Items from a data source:
+--
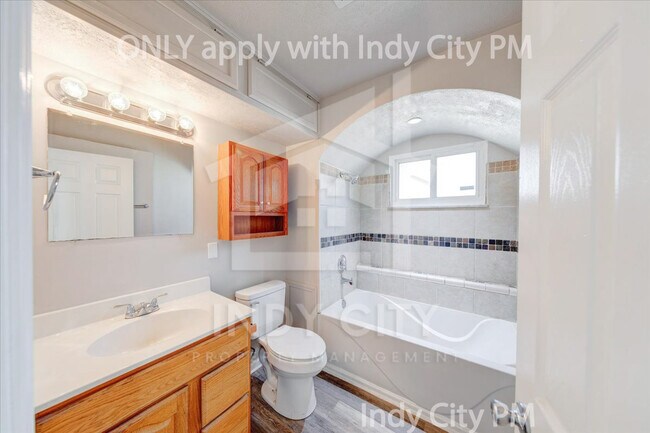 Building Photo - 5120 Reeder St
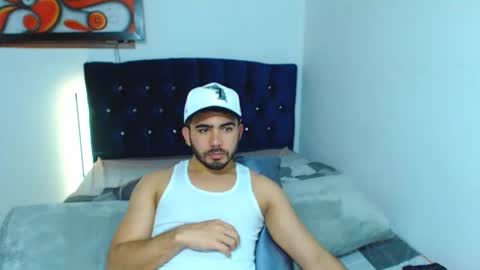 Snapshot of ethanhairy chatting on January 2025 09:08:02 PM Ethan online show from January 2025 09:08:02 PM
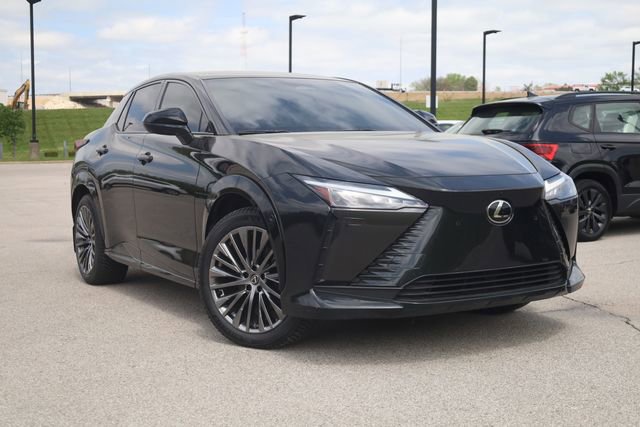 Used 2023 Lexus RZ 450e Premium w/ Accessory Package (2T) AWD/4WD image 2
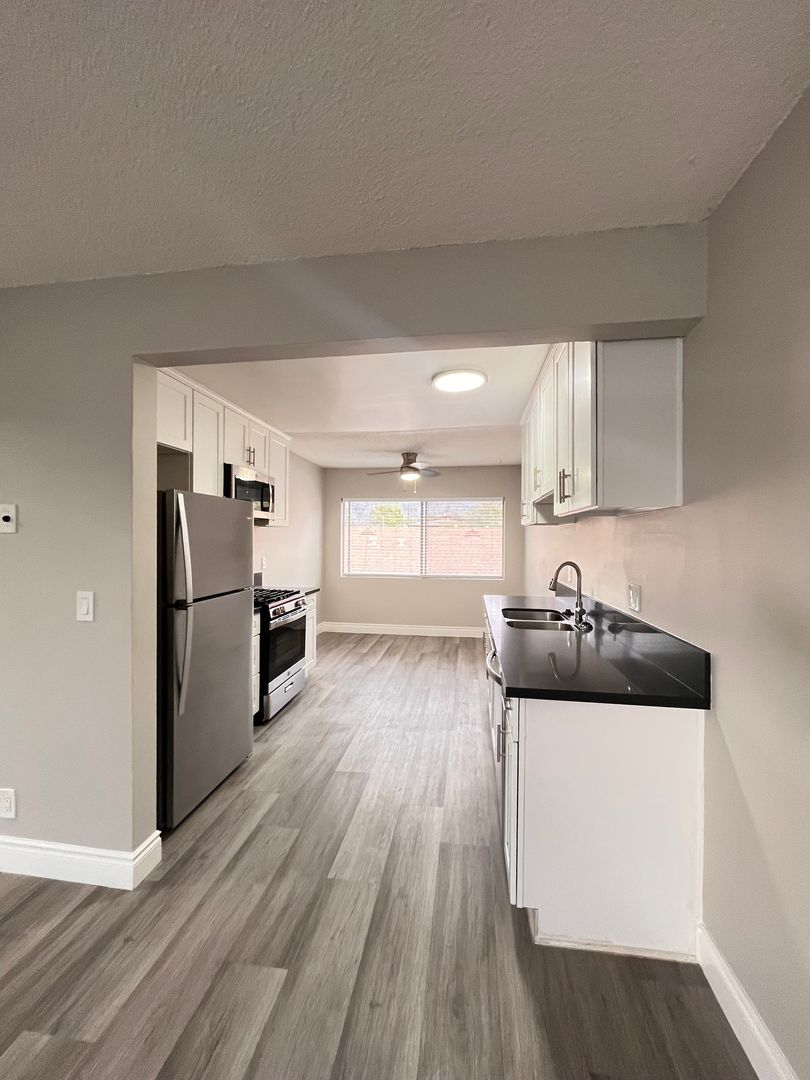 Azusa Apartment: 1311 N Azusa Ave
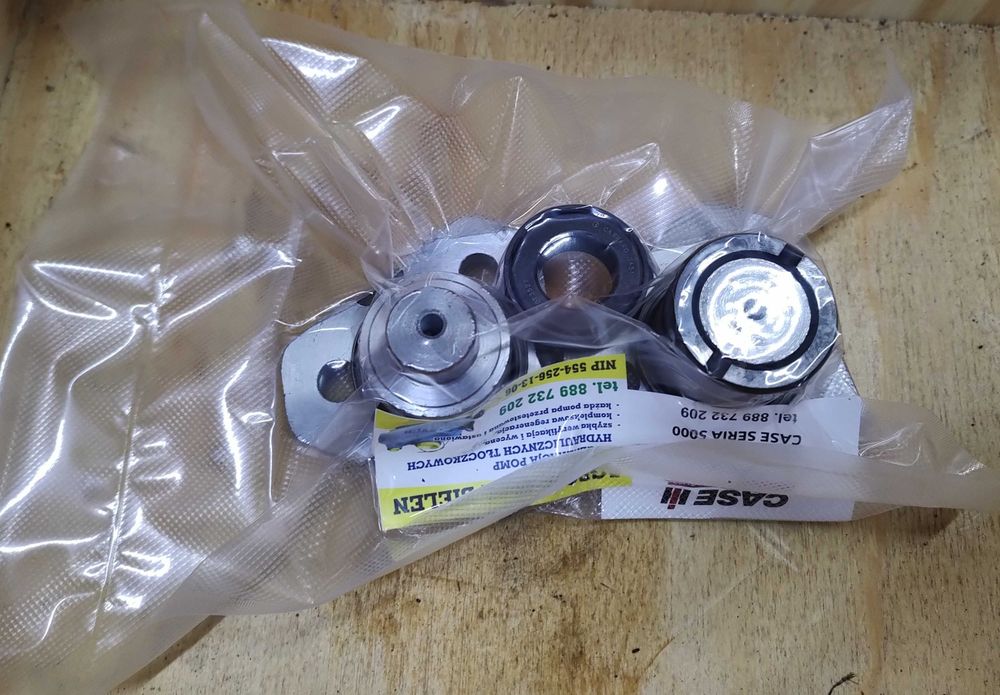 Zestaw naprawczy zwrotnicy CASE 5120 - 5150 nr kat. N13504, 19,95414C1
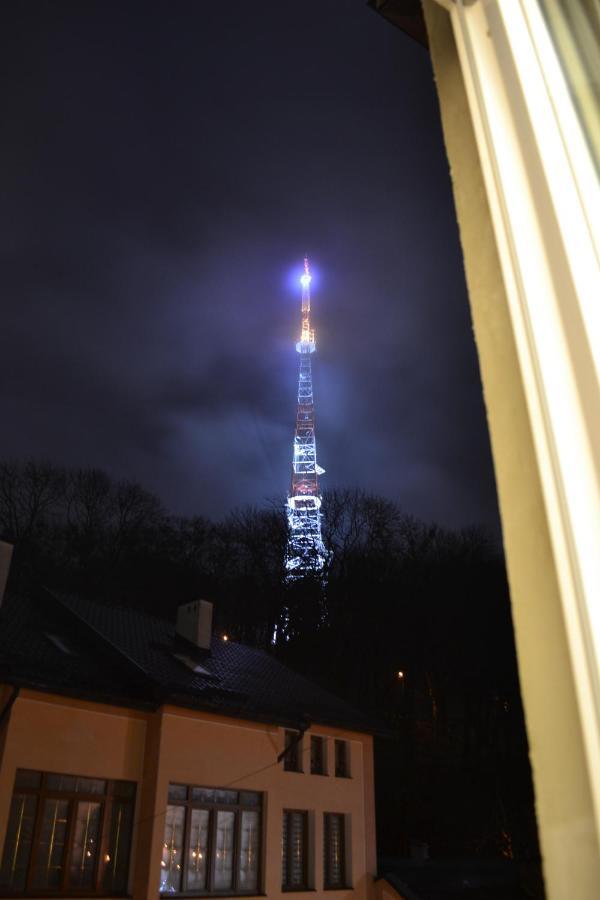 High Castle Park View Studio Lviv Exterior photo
+--
**WHAT YOU SHOULD DO**
I need the lines from the one holding "Azusa Apartment: 1311 N Azusa Ave" through the last line of the entries set down exactly, with every picture left out.

**RESPONSE AREA**
 Azusa Apartment: 1311 N Azusa Ave
 Zestaw naprawczy zwrotnicy CASE 5120 - 5150 nr kat. N13504, 19,95414C1
 High Castle Park View Studio Lviv Exterior photo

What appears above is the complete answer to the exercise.